A Year of Making
Home/ Unit 3/ Animal in Motion — Gestural Acrylic
Animal Theme

Animal in Motion — Gestural Acrylic

Unit 3 · Creature Studies — The Animal Kingdom · Week 13–14

Acrylic paint · Canvas board

After two highly detailed projects, this one demands the opposite: paint fast, loose, and bold within a strict time limit. Choose an animal mid-motion — a horse galloping, a bird in flight, a dog running — and paint it with energy and speed. No fine detail allowed. The goal is capturing the feeling of movement, not the facts of anatomy.

Before You Start — Gather

Canvas board (9×12"), acrylic paint set, large flat brush, medium round brush, palette or paper plate, water jar, paper towels, photo reference of an animal in motion, a kitchen timer. Set the timer for 45 minutes.

Study These Works
Franz Marc, Blue Horse I
Animals painted with bold color and emotional energy, not photographic accuracy
Click to expand
Franz Marc, The Tiger
Geometric, energetic, alive — the antithesis of careful rendering
Click to expand
George Stubbs, Whistlejacket
Compare: Stubbs' precision vs. Marc's gestural energy
Click to expand
Step-by-Step Instructions
  1. Set a strict 45-minute painting timer. Preparation — choosing reference, mixing paint puddles, laying out tools — happens before the timer. When the timer ends, you stop. No exceptions.

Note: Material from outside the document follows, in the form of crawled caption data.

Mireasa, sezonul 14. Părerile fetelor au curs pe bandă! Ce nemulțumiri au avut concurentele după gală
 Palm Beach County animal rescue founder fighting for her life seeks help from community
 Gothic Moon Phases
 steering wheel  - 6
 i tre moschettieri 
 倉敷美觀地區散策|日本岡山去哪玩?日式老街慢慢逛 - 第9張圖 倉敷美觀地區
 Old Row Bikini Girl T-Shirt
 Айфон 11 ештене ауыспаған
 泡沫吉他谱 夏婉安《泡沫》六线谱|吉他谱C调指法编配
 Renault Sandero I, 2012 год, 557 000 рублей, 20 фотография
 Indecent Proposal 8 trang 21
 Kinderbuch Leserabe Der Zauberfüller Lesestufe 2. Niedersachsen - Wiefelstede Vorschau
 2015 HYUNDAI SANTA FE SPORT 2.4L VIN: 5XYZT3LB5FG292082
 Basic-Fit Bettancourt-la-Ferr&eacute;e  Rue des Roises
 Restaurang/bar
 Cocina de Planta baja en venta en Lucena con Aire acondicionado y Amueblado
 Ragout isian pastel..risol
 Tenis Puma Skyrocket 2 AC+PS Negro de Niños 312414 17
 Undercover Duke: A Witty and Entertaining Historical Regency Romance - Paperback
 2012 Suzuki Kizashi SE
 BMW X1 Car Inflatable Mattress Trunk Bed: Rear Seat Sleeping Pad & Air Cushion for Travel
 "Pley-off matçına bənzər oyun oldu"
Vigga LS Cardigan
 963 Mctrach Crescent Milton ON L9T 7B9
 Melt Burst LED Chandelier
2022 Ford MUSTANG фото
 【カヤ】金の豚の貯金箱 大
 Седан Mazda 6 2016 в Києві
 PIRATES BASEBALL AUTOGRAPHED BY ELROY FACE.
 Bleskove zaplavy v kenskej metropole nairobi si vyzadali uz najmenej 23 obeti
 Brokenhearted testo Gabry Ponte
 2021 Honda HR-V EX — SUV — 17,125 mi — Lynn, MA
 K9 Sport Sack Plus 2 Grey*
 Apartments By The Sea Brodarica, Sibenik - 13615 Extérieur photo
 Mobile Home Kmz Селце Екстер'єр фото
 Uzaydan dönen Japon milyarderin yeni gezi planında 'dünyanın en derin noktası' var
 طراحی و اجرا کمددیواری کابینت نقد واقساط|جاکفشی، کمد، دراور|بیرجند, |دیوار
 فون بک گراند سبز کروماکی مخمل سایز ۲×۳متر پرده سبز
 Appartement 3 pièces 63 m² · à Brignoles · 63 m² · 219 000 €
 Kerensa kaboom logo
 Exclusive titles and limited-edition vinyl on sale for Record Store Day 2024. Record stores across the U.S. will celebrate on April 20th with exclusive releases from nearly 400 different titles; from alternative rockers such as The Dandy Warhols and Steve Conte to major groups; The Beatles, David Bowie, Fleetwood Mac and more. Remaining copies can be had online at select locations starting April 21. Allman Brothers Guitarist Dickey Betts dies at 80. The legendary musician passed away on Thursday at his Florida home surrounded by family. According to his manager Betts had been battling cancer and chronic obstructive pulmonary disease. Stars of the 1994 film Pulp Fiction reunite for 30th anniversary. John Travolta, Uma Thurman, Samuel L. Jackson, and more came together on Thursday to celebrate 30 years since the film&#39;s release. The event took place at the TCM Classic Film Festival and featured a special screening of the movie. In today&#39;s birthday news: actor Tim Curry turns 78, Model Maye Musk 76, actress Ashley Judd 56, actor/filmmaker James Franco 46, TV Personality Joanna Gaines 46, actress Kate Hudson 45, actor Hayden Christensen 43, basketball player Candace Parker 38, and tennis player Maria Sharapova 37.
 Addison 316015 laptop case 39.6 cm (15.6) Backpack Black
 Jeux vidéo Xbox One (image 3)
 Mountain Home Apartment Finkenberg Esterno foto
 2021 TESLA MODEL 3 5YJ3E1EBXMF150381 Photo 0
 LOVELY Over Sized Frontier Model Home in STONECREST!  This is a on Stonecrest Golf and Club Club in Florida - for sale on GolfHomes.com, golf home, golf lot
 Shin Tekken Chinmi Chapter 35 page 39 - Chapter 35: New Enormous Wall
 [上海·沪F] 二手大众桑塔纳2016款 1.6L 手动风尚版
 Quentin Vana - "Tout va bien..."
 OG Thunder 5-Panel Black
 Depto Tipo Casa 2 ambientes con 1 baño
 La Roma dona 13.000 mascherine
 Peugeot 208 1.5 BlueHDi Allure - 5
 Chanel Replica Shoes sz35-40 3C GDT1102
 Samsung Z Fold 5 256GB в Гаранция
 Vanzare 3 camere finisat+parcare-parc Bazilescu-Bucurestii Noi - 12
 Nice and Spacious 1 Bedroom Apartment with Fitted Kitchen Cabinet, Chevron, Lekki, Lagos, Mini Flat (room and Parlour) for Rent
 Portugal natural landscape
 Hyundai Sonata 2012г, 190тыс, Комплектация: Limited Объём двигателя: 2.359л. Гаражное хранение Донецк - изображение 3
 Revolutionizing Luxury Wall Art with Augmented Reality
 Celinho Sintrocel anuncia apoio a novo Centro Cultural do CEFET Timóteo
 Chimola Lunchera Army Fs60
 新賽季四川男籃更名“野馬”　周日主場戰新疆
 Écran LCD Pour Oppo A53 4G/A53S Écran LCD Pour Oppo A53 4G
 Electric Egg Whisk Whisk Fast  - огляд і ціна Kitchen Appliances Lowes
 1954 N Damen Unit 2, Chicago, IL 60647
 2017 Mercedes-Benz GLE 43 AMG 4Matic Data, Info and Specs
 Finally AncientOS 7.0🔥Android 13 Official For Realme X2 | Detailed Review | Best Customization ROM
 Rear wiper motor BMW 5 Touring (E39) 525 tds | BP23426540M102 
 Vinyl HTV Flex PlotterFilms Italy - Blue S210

  2. Block in a background color first with a large flat brush. Don't leave it white — a warm gray, muted blue-gray, or earthy brown gives the painting a mood from the very first stroke.

  3. Sketch the animal's silhouette loosely in dark paint using a medium round brush. Get the movement and lean of the body right first — the direction of force before any detail.

  4. Add the dominant body color in broad, fast strokes, following the direction the animal's form is moving. Use your largest brush. Speed genuinely serves this project.

  5. Add only a few essential accents: one lighter highlight on the back, a darker shadow under the belly, the barest suggestion of a head and eye. Stop before you feel ready to stop.

  6. When the timer goes off, step back five feet. Ask: does this painting feel like it's moving? That question matters more than any detail you could add.

Instructor Tip

If the finished painting feels unfinished and a little uncomfortable, you have probably done it correctly. Knowing when to stop is harder than knowing when to keep going. Resist every instinct to tighten and detail what you've made — the looseness is the point.